You can see in the screen shot that the occurrence that took 24 hours is clearly an extreme example but it has a significant impact on the Mean. If a Commander came to you and asked for the average number of man-hours spent on occurrences do you feel that the Mean of 8.8 would be representative, considering that only one occurrence actually took longer than that? Clearly the Median value of 5 hours is more representative of man-hours and is a more accurate average.
This result comes about because the Mean is sensitive to the inclusion of extreme values because of the way it is calculated while the Median, which is relatively indifferent to the inclusion of extreme values because it only concerns itself with the middle value for a data set, is more likely to provide an appropriate number that is stable in the face of outliers.
The screen shot also conveniently illustrates the function calls used to calculate both the Mean and Median in Excel. Frustratingly, Microsoft has opted to use the function name AVERAGE for the Mean further erroneously cementing them as synonyms. Thankfully the Median is a straightforward call to the MEDIAN function.
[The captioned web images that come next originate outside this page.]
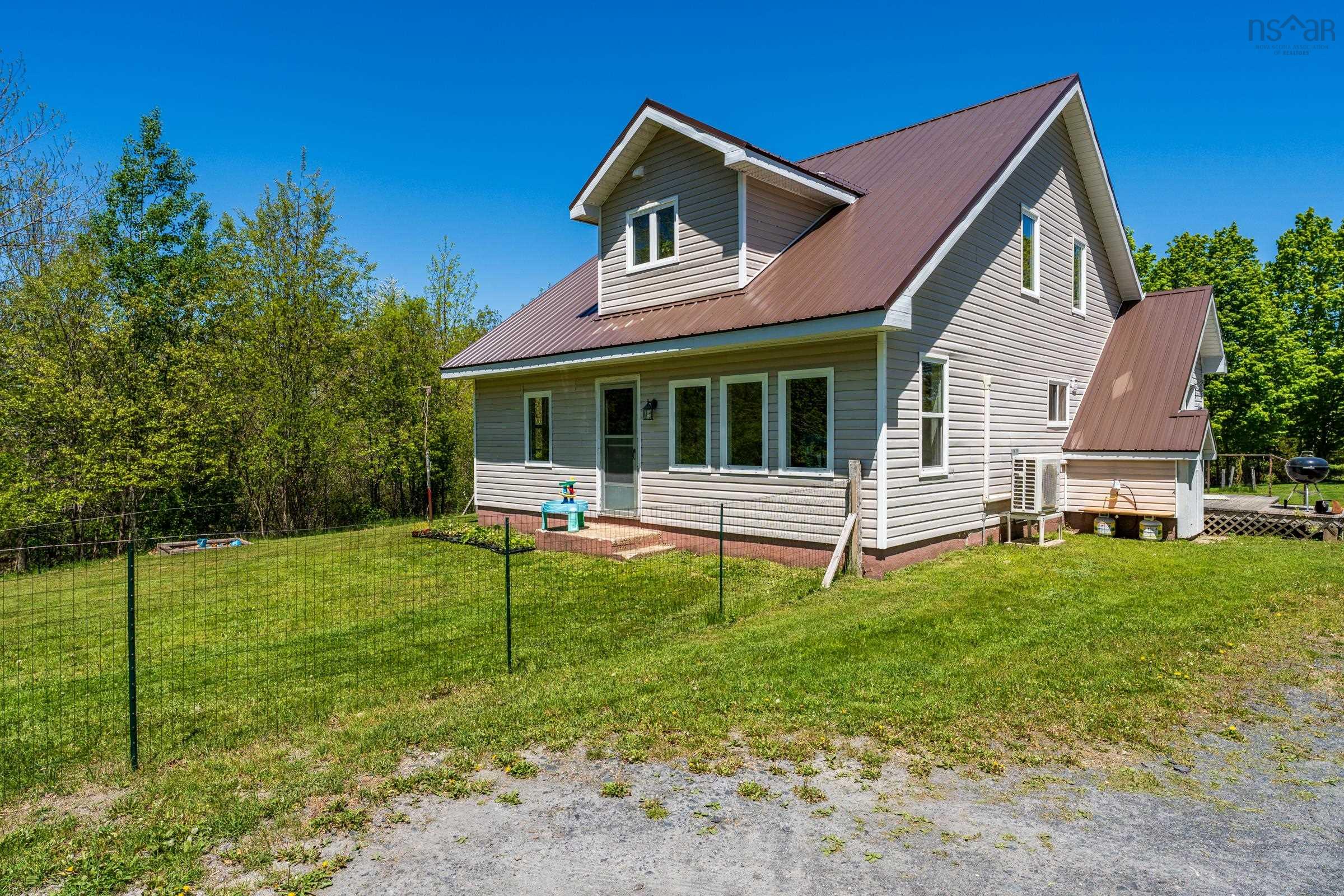 $479,000.00: 550 River Road, Bear River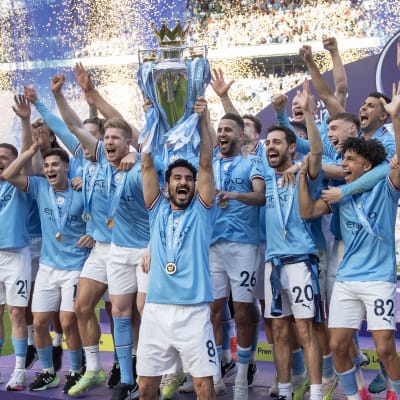 Manchester City juhlii kauden 2022–23 Valioliigan voittoa.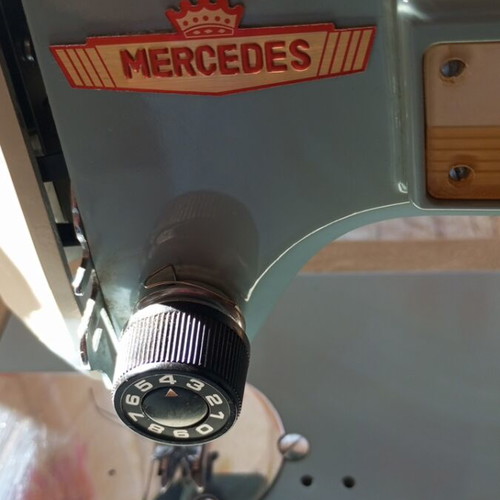 Mercedes sewing machine new with foot pedal and case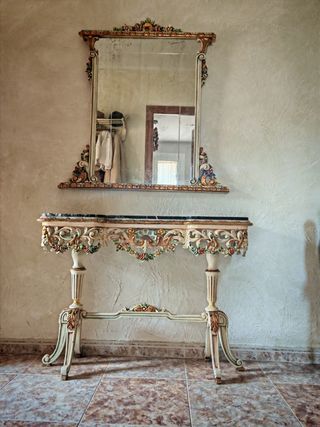 Recibidor barroco - necesita tratamiento d carcoma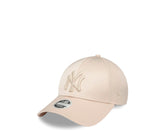 New Era New York Yankees Satin 9FORTY W BJ - 60434991E-76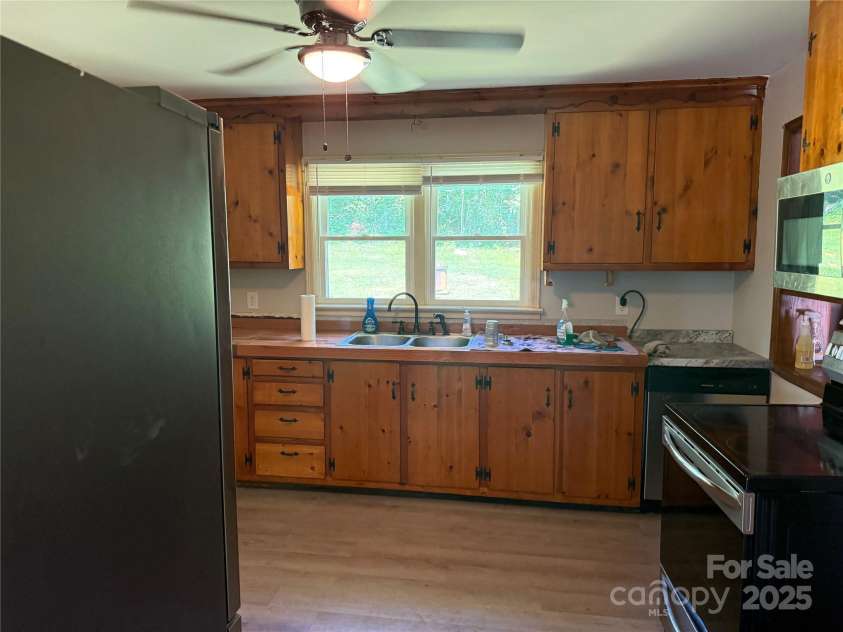 100 Duncan Drive, Shelby, NC 28152.  MLS# CAR4275106, YatesRealty ID 25404. Electric stove and microwave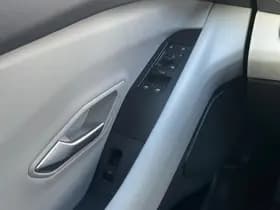 Ford Capri Ext Range RWD 77 kWh PREMIUM thumbnail 10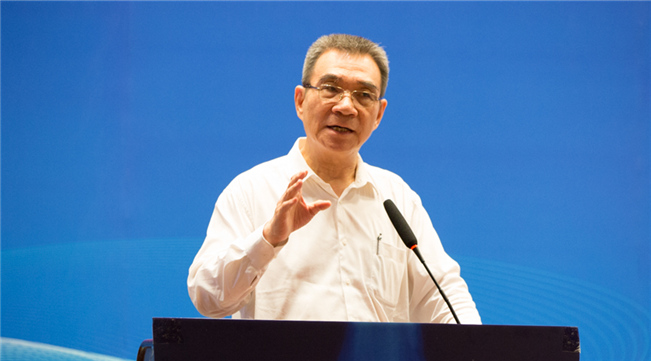 林毅夫發(fā)表演講。（資料圖）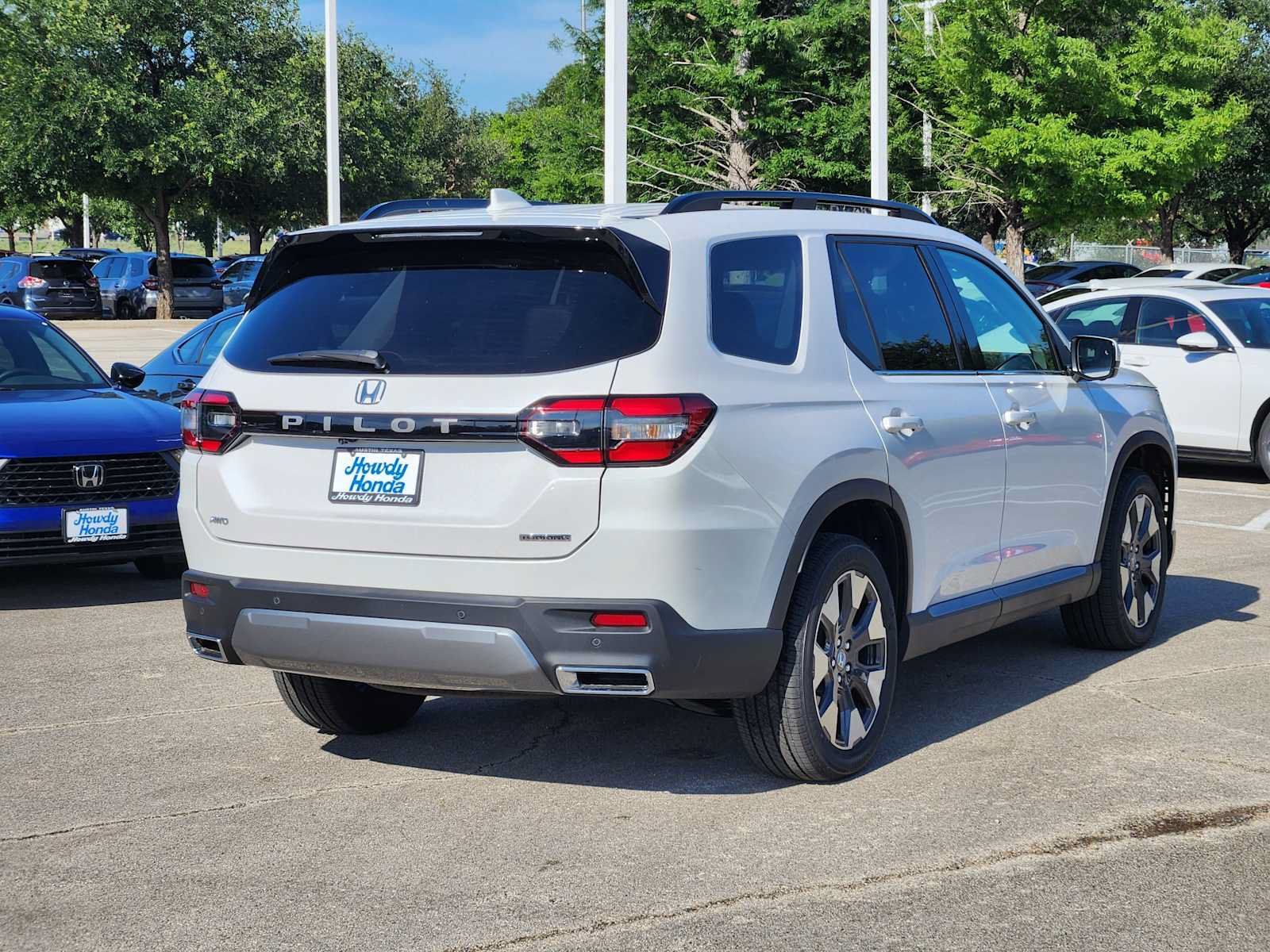 New 2026 Honda Pilot Touring image 4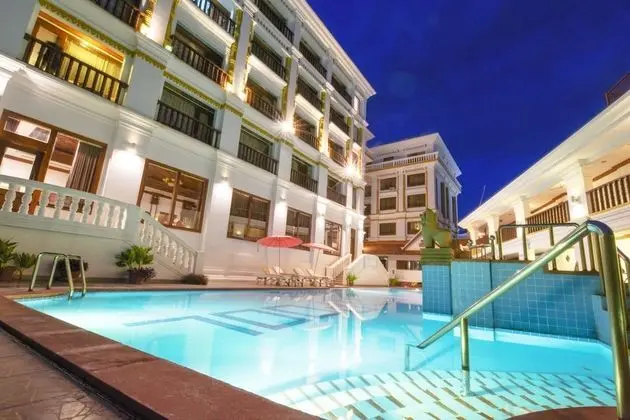 Angkor Year Theme Hotel - Havuz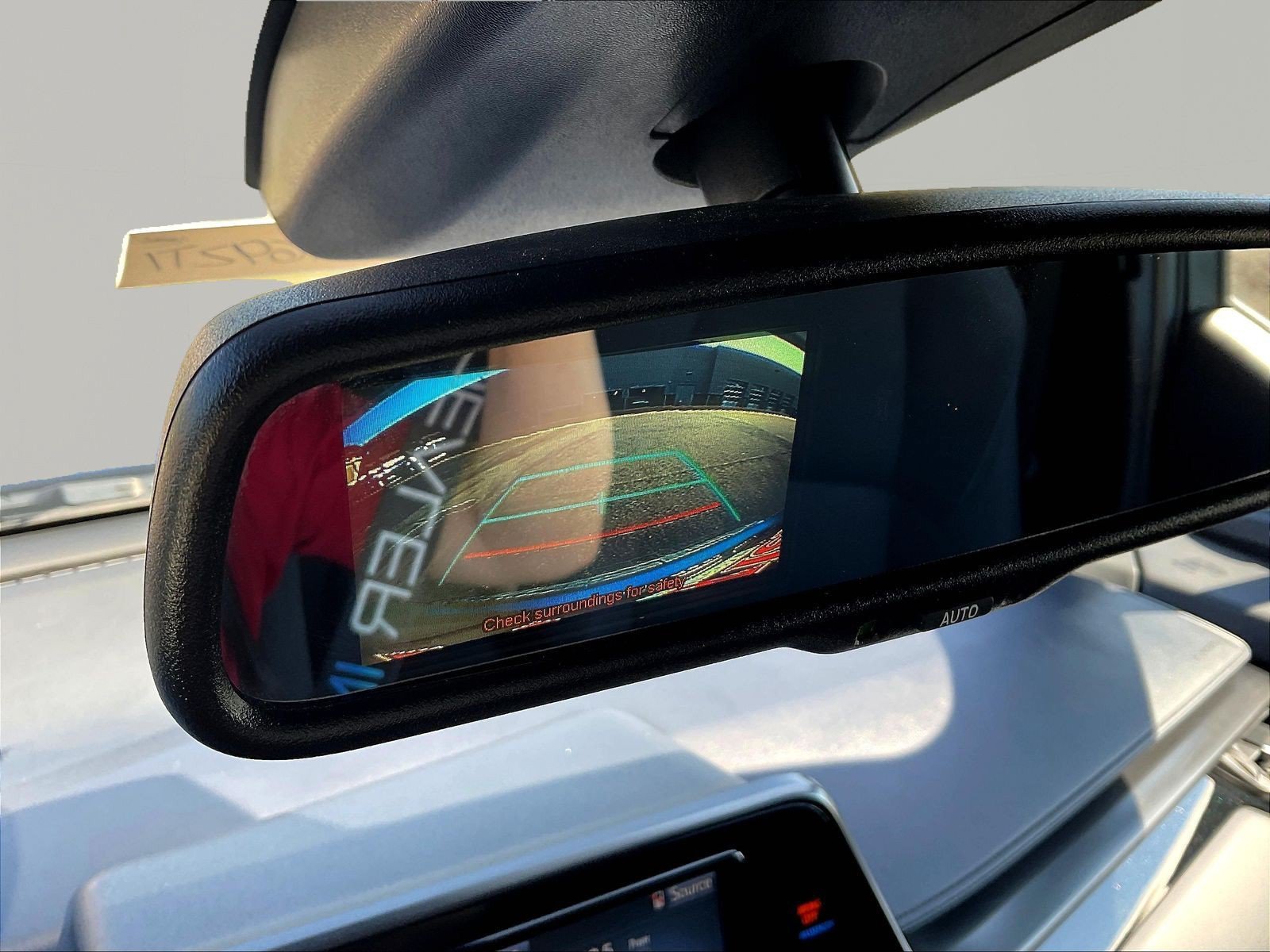 Used 2018 Toyota C-HR XLE FWD image 13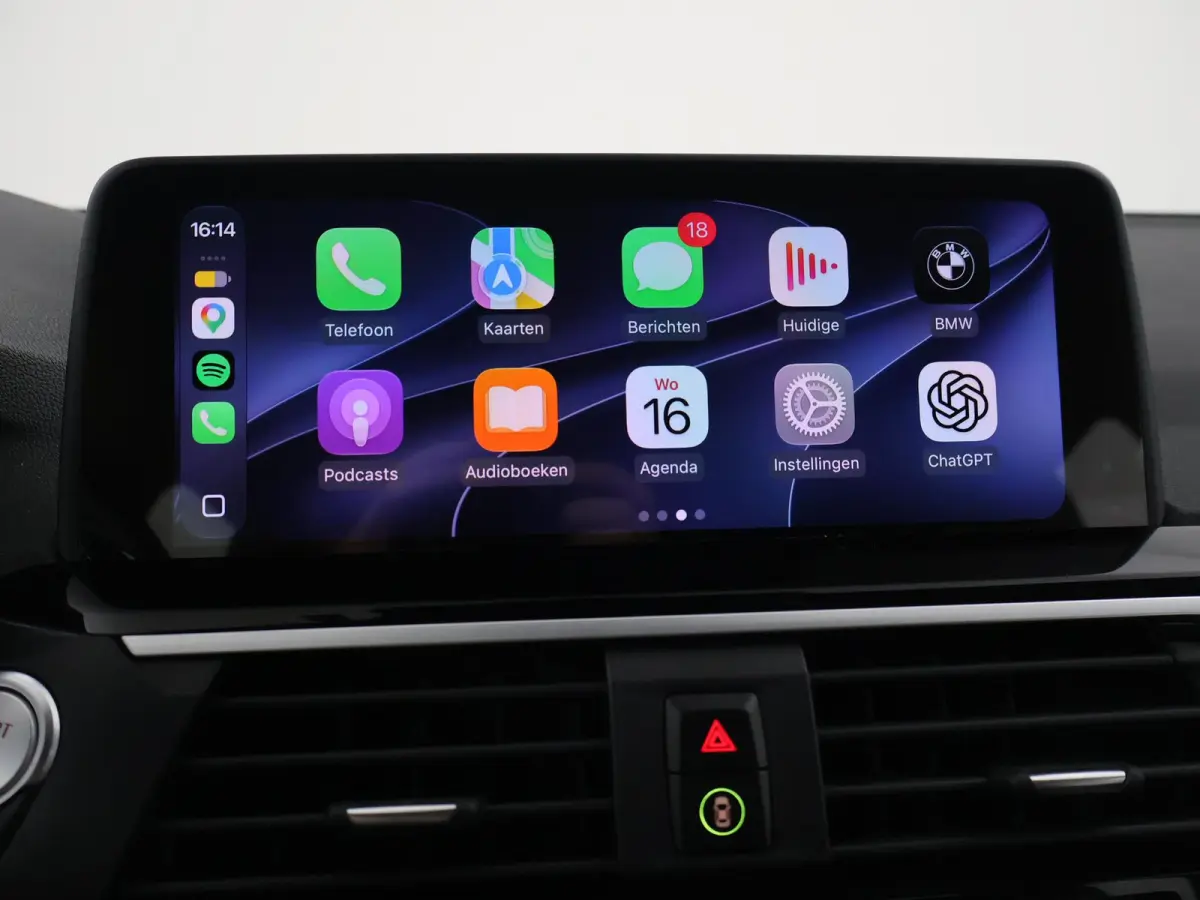 xDrive20i 184 PK M-SPORT H.E. EDITION + HEAD-UP | SFEERVERL. | CARPLAY | LEDER | CAMERA | 19 INCH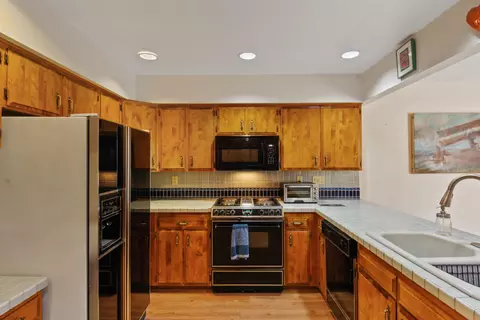 Kitchen - 2102 E 30th Ave #2102, Spokane, WA 99203 photo 2 of 2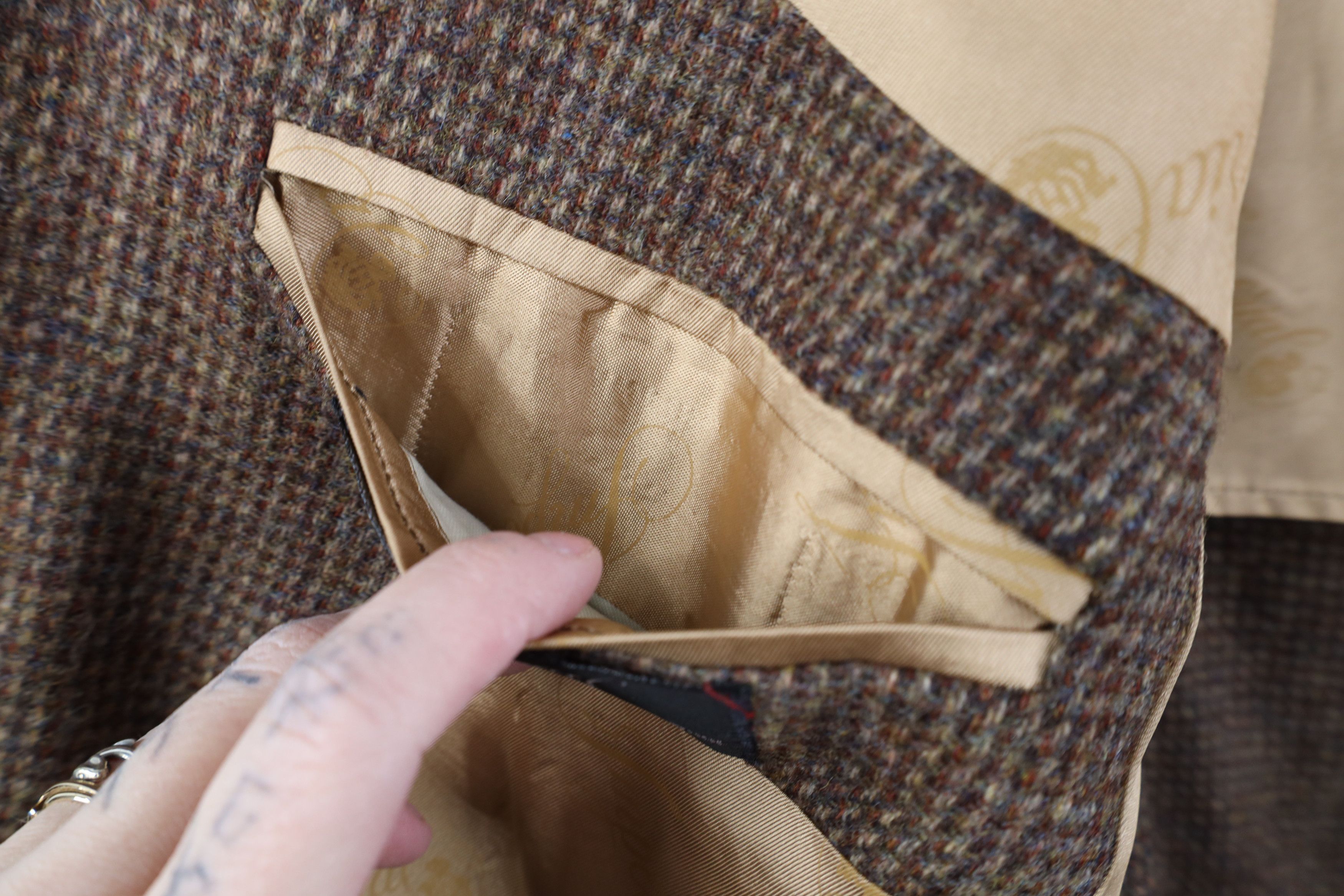 Vintage Vintage 70s Suede Elbow Patch Suit Coat Blazer Jacket USA Size US XXL / EU 58 / 5 - 12 Thumbnail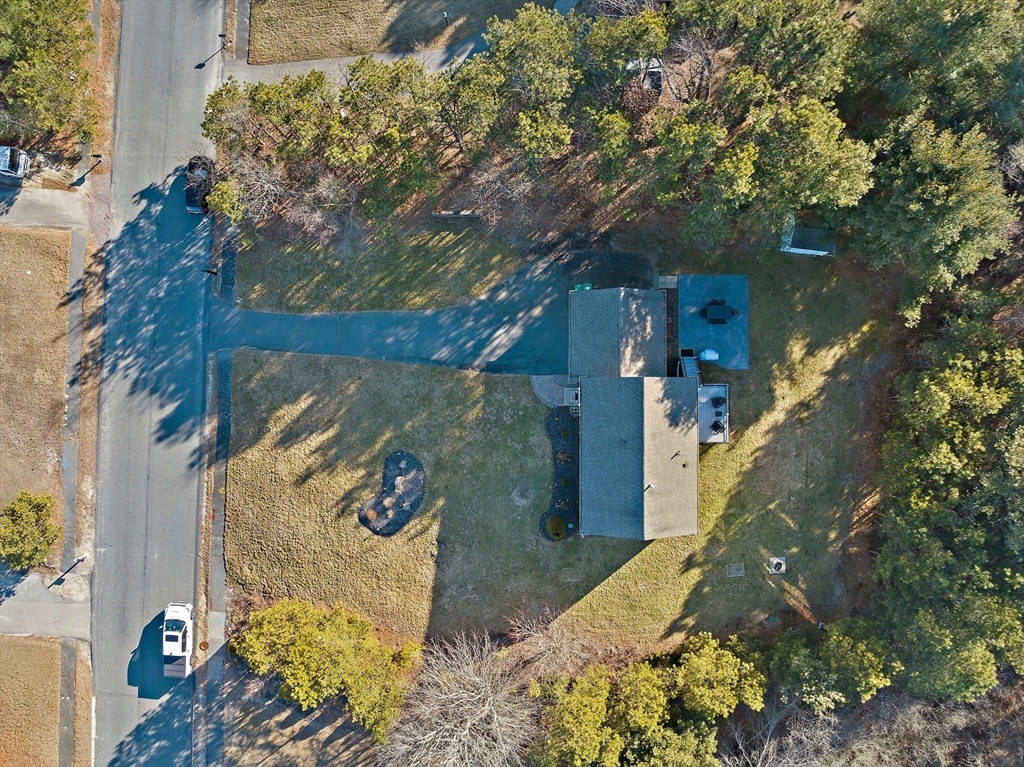 80 Dickson Dr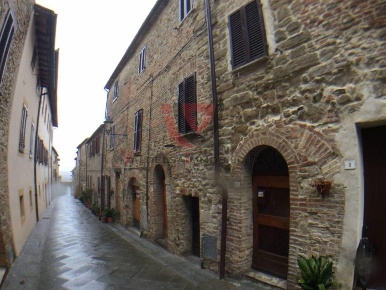 Foto Appartamento a Casole d'Elsa di 101 m² con 5 locali in vendita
You’ll notice a third function in the list: SKEW. I discuss above about the positive and negative skewness of data and the SKEW function is useful for coming to grips with the direction and magnitude of a data set’s skewness. In the occurrence man-hours example I state that the data is positively skewed and that’s reflected by the positive (greater than 0) value returned by the SKEW function and that indicates that the Mean likely overestimates the Median. Contrarily, if SKEW returns a value that is less than 0 you’ll know that the data is negatively skewed and that the Mean likely underestimates the Median. Finally, if the value is close to 0 your data set likely follows the bell curve or normal distribution and the Mean and Median will be nearly the same.
The key take away from this post is that it is important to not just blindly take the average (by which I mean the Mean) of a stat without first considering how the data is distributed. So much law enforcement data is skewed one way or the other that it makes sense to take a minute and run the MEDIAN and SKEW functions in Excel to make sure you’re reporting the most appropriate number to your superiors.